Fantasy World

Annie: Hey, Mom. Can I have a popsicle?

Me: Not until after dinner.

Annie: whines But I want one now.

Me: I said no.

Annie: Hey, Mom. Pretend you say yes.

Oh, the workings of the three year-old mind! If only life were that simple.


The Light at the End of the Tunnel

The purple spiral tunnel slide taunts her, its circular mouth open and inviting, ready to swallow her into twisting and turning darkness. She spends the better part of an hour up there, watching the kids disappear into the long tube, leaving behind only gleeful squeals and laughter. She peers into the slide and sees only the dark. She shouts into the slide and delights at the sound of her voice reverberating through the tunnel. She sticks her head into the opening, quickly withdrawing it, breathless. This dance between paralyzing anxiety and curiosity continues as I climb the structure and make my way toward her. I arrive at the top. She is surprised to see me. Stuffing myself into the small compartment, I spread my legs out into the mouth of the tunnel. She watches as they disappear. I thump my seemingly nonexistent legs against the slide. She smiles with relief. She sits down behind me. I am the engine, she, the caboose. We move ever so slightly into the dark. She panics and grabs the side of the opening. Gently tugging on her free hand, I pull her down into the darkness with me. In that instant before the light goes away, her fear transforms into pure joy. Down, down, down. Together. We emerge into the light. We celebrate. She leaves me at the bottom while she scampers to the top, eager to practice her new accomplishment. And we celebrate each time she reaches the light. Again and again and again.


Alphabet Soup

Kate's official diagnoses include ASD/PDD-NOS, SPD, and anxiety with a strong OCD component. One of Kate's therapists would like to add a new flavor to the mix: ODD. It is true that Kate is stubborn, a personality trait that runs strong on both sides of the family tree. It is true that she is emotionally reactive, which can be attributed to her struggles with the modulation of sensory input. It is true that she is argumentative, but isn't that related to the poor social skills of children on the spectrum? It is true that she is negative and often complains. Again, a personality trait. Not everybody is a glass-is-half-full kind of person. It is true that Kate tests her limits, but what child doesn't?

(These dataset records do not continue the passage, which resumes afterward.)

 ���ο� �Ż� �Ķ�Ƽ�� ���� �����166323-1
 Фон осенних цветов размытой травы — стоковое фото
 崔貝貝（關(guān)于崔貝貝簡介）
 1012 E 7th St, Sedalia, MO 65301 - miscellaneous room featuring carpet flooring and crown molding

Kate receives a variety of services and therapies that address her needs. Occupational therapy for fine motor issues and challenges related to sensory processing. Speech therapy to strengthen pragmatic language skills. Verbal behavior taught Kate how to "use her words". A social skills group to help her interact with her peers. Behavioral health rehabilitative services to teach play skills, flexibility, coping skills. RDI to help Kate become competent in dynamic systems.

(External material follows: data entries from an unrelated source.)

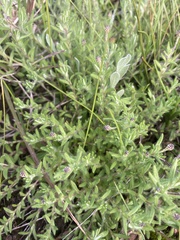 Leptorhynchos squamatus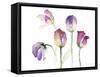 Lavender Hues Tulips II-Lanie Loreth-Framed Stretched Canvas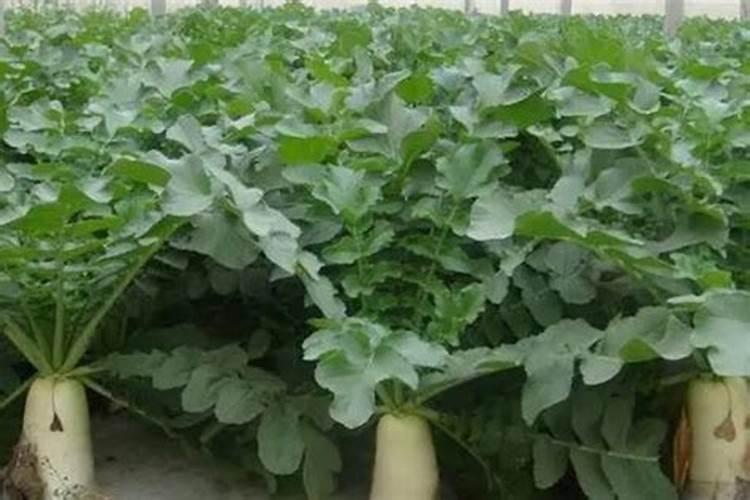 白萝卜施肥用什么肥料
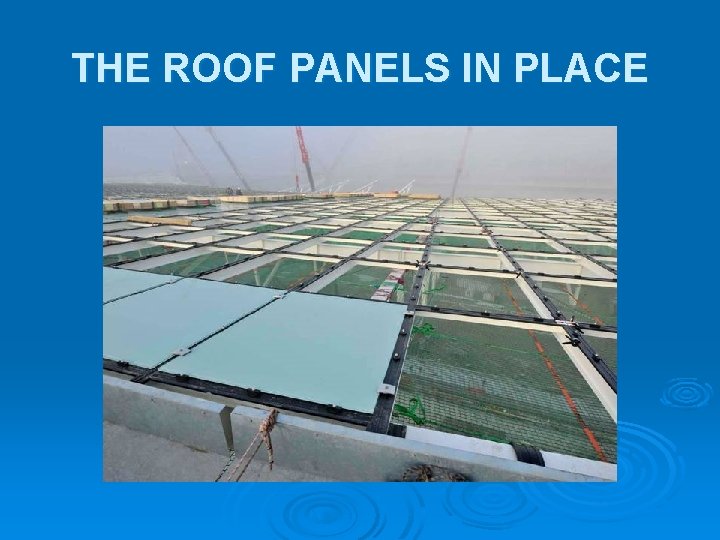 THE ROOF PANELS IN PLACE THE ROOF PANELS IN PLACE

So, my question is this- What is the purpose of saddling Kate with this ODD label? Should this label be stamped on her, it might very well change how people look at her. The acronym itself is stigmatizing. Who wants their child labeled "odd"? Also, I am afraid that kids labeled with ODD are perceived as "bad kids". Kate has some challenging behaviors at times, but she is not a "bad kid".

There is no reason to slap this label on Kate. It will not change her needs nor will it change the services she receives. More importantly, it will not change how we are raising her. It will not change how we love her.


The Third Commandment

On Friday we had what we thought was, at the time, a major breakthrough in our ongoing pooping saga. Kate finally gave up her addiction to diapers, stopped the withholding, and pooped on the potty. Gonzo and I celebrated that night with wine. We were giddy with the success, finally able to see the light at the end of that long, dark tunnel.

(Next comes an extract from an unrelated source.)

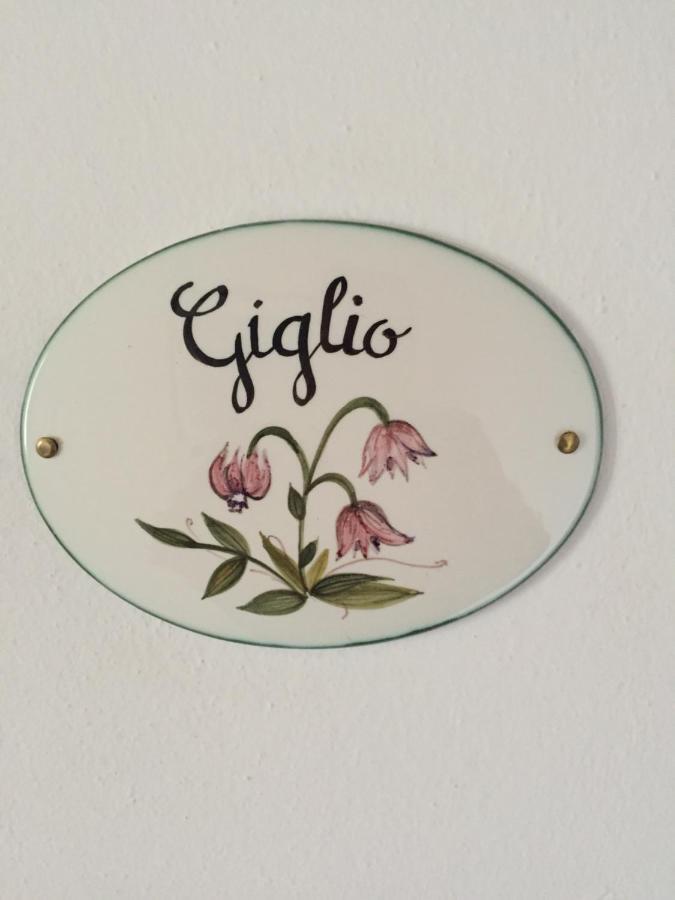 Qui Wolf Udine Hotel Collalto Eksteriør billede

Not so fast. Saturday brought back the withholding, stained panties, and accidents. Sunday, more of the same. A frustrated Gonzo said to Kate, "I don't understand. You pooped on the potty on Friday. Why can't you poop on the potty today?"

Her answer was, "It's not Friday. Today is Sunday. I don't poop on the potty on Sunday."

My daughter, the good Catholic, following the third commandment- Remember to keep holy the Lord's day.